Alta. restaurant ordered to close for accepting dog pictures instead of proof of vaccination


A Red Deer, Alta., restaurant was ordered to close after an investigation found staff were not asking for proof of COVID-19 vaccination or negative test and instead accepting dog photos from customers to dine inside, Alberta Health Services said.


In an order written to The Granary’s owners, Patrick Malkin and Rachael Willie, AHS said it received complaints that restaurant staff had allowed customers to dine in after they showed a picture of a dog and ID.
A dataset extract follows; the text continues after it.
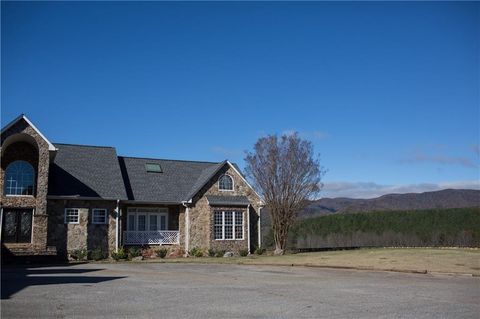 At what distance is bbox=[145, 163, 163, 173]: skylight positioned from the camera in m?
39.8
Then, on Jan. 11, AHS said two test shoppers at separate times were able to enter The Granary after they showed a picture of a dog instead of their QR codes.


“In both instances, facility staff used a tablet to make it appear as if they were scanning a QR code when in fact the staff member was presented with a photograph of a dog,” the AHS order reads. “The staff member then proceeded to ask the test shopper for personal identification and offered dine in services.”


The order asked the owners to close the restaurant, submit a written commitment to Alberta’s Restrictions Exemption Program, and train staff to ask for proof of vaccination or a negative test.


On Friday, the restaurant said on Facebook it would take the weekend to “retrain and regroup.”


The restaurant isn’t allowed to reopen until after a hearing with AHS where the owners must demonstrate understanding of the health restrictions program.


As part of the Restrictions Exemption Program, businesses such as restaurants and bars must ask Albertans 12 and older to show proof of vaccination, a negative test taken within 72 hours or a medical exemption.